In 1995 Congress repealed the requirement that the ICC issue regulations banning off-bill discounting, see ICCTA § 102(a), 109 Stat. at 873-74, and instead placed the disclosure and false information provisions in the statute itself, see 49 U.S.C. § 13708(a)-(b).4 The STB explained that although the statute no longer bans off-bill discounting, it does "affirmatively require carriers to disclose certain information when they engage in the practice." [*10] STB Decision, 1997 WL 106986, at *2 (emphasis added); see also id. at *3 (explaining that Section 13708 "signal[s] a willingness to accept off-bill discounting, so long as it is clearly disclosed").
The legislative history—in particular the persuasive policy statements and interpretive decisions issued by the STB and the ICC—reinforces our reading of Section 13708's text. See Austin v. Town of Farmington, 826 F.3d 622, 629 n.7 (2d Cir. 2016). It shows that Congress intended to require disclosure of and prohibit false information about off-bill discounting or similar conduct, so that charges stated on disclosed documents match the charges the motor carrier assesses in fact. Cf. Policy Statement on the Trucking Indus. Regulatory Reform Act of 1994, 10 I.C.C.2d 251, 256, 1994 WL 580904, at *4 (Oct. 20, 1994) (explaining that off-bill discounting provision was "specifically directed at discrepancies between rates that are charged and rates that are set forth in tariffs"). In other words, Section 13708(b) prohibits a motor carrier from listing one amount on a bill when in reality it charges another.

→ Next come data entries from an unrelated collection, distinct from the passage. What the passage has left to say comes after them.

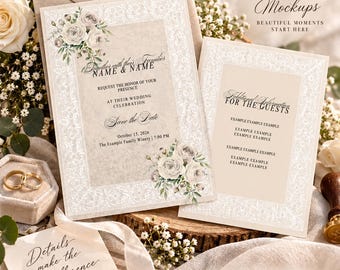 Wedding Invitation Canva Template | Editable Wedding Invitation | Digital Wedding Invite | Romantic Floral Lace Design | Instant Download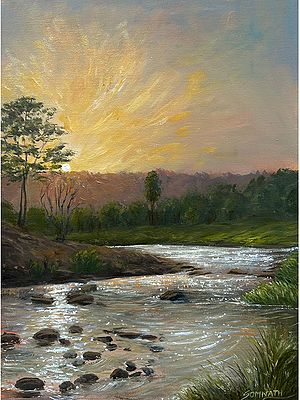 Evening View on The River | Oil Painting by Somnath Harne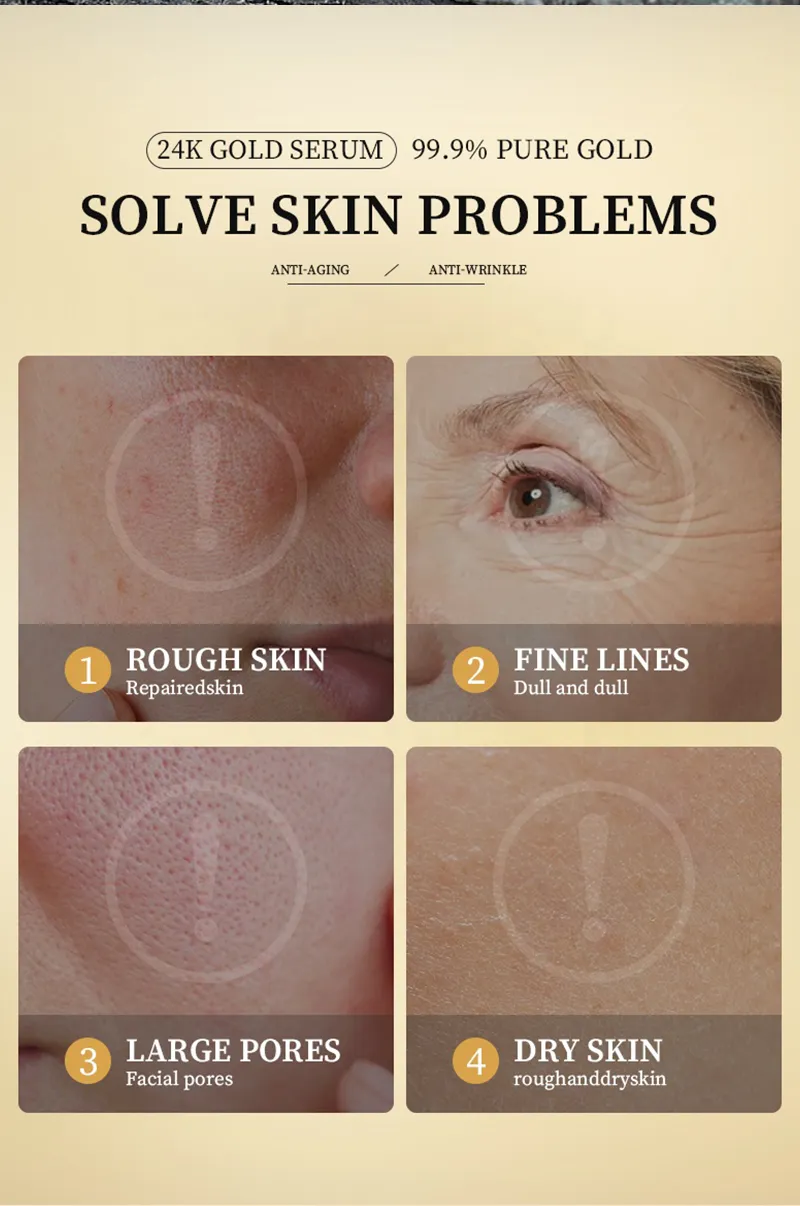 24K Gold Face Serum Repair and Protect Your Skin Essence with Retinol and Vitamin E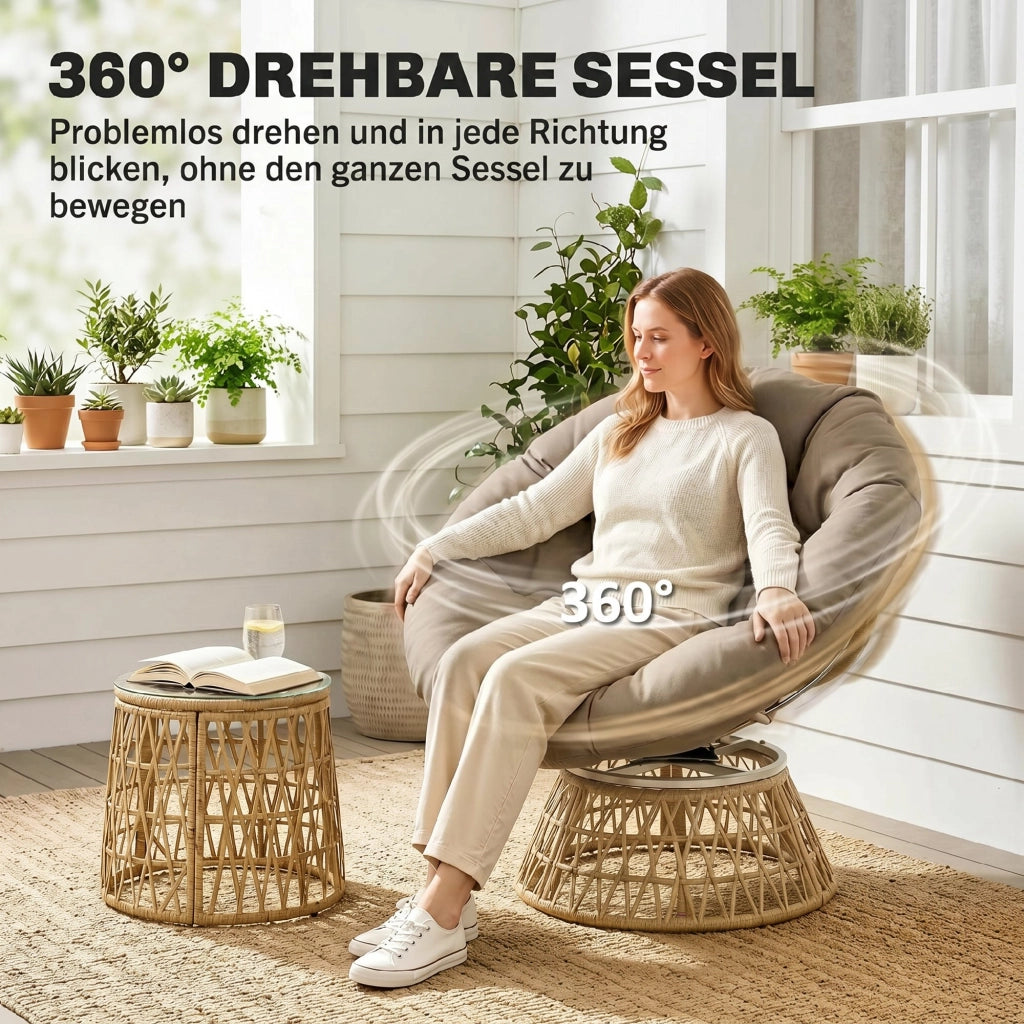 Set Bistrot Tavolino Sedie ¨C zephmum ¨C Naturale Marrone Chiaro 85x70x82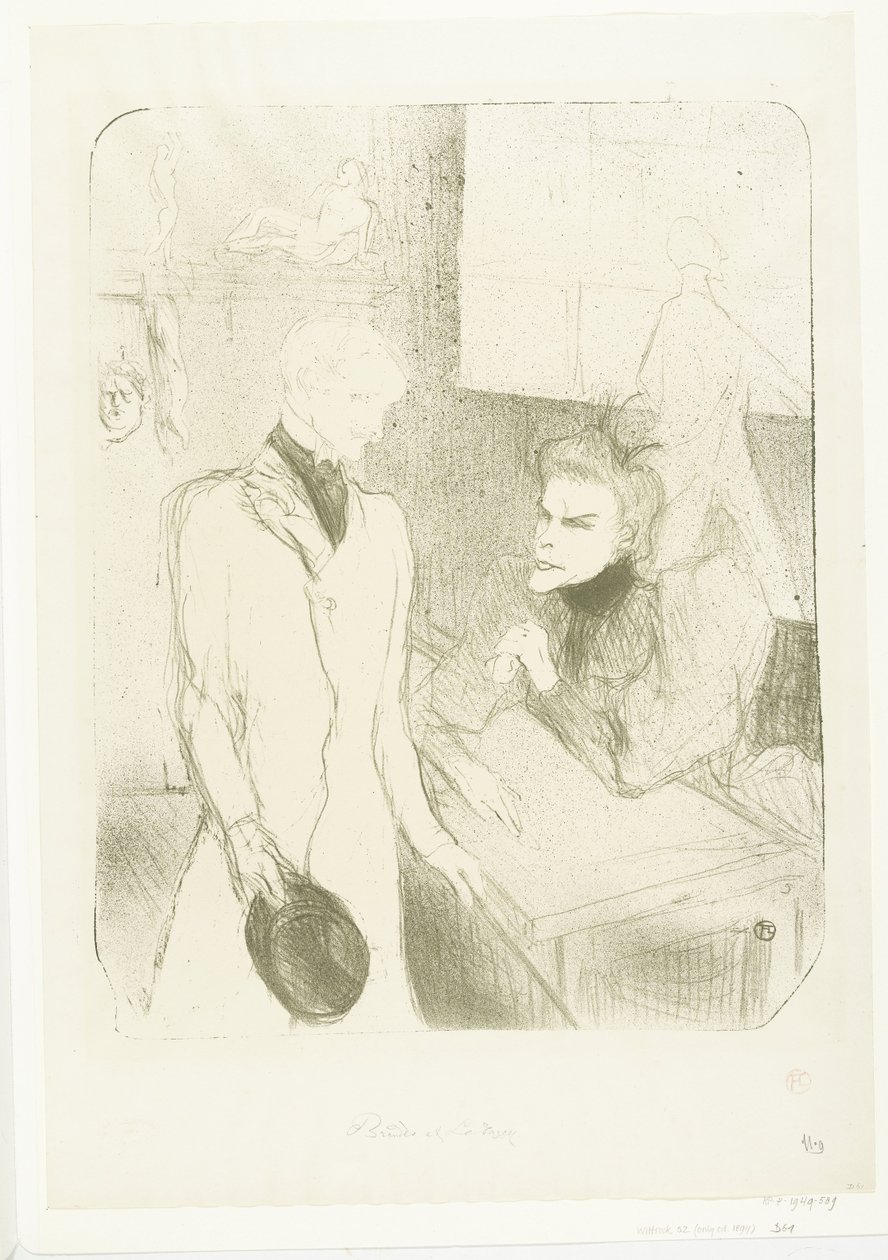 A színésznő, Marthe Brandès, mint Charles le Bargy színésznő a Toneelstuk Les Cabotins című filmben Brandès és a bárgy Cabotinsban alkotó: Henri de Toulouse Lautrec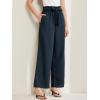 imageAllegra K Womens Casual Office Wide Leg Pants Elastic Waist Tie Knot Pleated Trouser with PocketsNavy
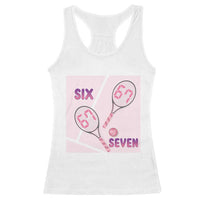 Funny Six Seven Tennis Meme Racerback Tank Top Valentine For Women - Wonder Print Shop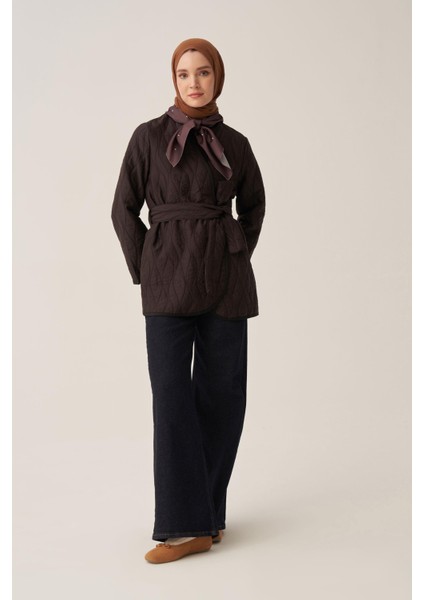 Acı Kahve-Ince Kapitone Kruvaze Kuşaklı Ceket modelleri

But not all disputes about payments due for motor carrier transportation fall within the scope of Section 13708.5 Here, although it disputes payment, BikerGear does not allege that FedEx stated one charge on an invoice but actually assessed a different charge. To the contrary, according to the complaint, FedEx's invoices accurately reflected previously stated rates and FedEx assessed the charges stated on its invoices—a situation that falls [*12] squarely outside the scope of the statute.6 See SAC ¶¶ 145, 147 (alleging that FedEx represented to BikerGear's bank and credit card companies that BikerGear "owed the stated amount[s]" and that those stated amounts were transmitted to FedEx).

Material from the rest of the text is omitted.